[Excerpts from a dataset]
=== Begin Enclosure ===

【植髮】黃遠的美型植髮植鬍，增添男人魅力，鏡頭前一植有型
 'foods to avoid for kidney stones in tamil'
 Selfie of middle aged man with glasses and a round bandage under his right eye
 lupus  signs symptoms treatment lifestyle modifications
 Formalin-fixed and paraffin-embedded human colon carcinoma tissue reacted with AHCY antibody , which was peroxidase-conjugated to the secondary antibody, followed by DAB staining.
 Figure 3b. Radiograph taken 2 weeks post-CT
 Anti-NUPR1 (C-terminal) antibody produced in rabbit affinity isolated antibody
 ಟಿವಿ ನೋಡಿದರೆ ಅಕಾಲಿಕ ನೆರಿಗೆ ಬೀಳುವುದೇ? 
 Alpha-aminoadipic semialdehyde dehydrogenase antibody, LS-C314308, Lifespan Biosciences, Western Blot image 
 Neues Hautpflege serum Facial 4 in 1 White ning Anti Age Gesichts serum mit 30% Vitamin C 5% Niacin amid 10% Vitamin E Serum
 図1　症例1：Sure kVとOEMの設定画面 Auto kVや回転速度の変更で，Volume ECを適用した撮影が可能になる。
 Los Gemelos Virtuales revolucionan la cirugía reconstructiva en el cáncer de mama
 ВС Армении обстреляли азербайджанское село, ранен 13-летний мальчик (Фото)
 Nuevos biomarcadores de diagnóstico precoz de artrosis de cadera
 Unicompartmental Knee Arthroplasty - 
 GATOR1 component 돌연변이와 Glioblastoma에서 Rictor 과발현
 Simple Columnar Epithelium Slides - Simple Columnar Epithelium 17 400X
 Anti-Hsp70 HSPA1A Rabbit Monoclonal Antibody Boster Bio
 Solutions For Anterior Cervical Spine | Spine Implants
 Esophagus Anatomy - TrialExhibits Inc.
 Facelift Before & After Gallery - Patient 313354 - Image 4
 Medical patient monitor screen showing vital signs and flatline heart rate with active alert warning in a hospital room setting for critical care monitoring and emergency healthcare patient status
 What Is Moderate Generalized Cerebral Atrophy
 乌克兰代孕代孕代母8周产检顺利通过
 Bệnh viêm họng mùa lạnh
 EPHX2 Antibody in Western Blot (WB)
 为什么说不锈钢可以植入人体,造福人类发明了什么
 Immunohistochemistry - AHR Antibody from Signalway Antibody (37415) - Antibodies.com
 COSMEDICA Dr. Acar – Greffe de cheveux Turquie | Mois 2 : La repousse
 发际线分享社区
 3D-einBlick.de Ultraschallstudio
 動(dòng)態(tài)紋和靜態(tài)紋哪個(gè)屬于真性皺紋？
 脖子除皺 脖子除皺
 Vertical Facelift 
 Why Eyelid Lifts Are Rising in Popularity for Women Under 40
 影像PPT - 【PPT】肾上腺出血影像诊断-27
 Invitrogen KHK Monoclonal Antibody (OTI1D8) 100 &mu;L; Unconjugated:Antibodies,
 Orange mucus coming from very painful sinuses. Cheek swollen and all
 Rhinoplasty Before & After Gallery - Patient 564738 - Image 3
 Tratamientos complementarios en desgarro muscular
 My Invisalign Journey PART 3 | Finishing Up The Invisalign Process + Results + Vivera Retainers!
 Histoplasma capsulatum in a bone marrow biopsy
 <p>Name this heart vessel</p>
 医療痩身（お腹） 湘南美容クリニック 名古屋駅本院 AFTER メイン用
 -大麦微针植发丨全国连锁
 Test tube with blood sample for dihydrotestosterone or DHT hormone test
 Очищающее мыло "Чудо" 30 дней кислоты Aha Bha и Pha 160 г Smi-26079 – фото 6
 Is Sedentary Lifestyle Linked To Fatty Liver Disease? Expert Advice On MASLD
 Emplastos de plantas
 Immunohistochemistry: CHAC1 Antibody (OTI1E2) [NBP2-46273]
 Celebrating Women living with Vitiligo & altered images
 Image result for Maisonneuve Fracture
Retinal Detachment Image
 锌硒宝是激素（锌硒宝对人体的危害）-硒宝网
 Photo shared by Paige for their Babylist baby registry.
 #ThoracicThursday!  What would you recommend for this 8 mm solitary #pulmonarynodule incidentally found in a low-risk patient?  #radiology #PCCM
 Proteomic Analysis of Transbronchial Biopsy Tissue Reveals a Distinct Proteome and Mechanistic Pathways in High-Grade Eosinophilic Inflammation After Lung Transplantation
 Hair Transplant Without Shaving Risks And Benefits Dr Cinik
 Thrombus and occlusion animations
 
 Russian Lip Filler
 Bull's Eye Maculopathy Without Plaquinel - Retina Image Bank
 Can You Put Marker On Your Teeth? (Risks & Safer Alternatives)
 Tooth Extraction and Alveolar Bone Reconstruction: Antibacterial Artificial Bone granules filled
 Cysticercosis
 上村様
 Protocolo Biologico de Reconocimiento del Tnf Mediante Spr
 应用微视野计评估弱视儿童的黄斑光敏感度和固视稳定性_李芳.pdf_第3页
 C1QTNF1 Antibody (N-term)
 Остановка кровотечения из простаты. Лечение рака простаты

=== End Enclosure ===

§ WORK TO COMPLETE: An exact, complete copy of the lines above from the one with "Rhinoplasty Before &" through the one with "Test tube with" is the whole answer.

§ SOLUTION TO THE EXERCISE:
 Rhinoplasty Before & After Gallery - Patient 564738 - Image 3
 Tratamientos complementarios en desgarro muscular
 My Invisalign Journey PART 3 | Finishing Up The Invisalign Process + Results + Vivera Retainers!
 Histoplasma capsulatum in a bone marrow biopsy
 <p>Name this heart vessel</p>
 医療痩身（お腹） 湘南美容クリニック 名古屋駅本院 AFTER メイン用
 -大麦微针植发丨全国连锁
 Test tube with blood sample for dihydrotestosterone or DHT hormone test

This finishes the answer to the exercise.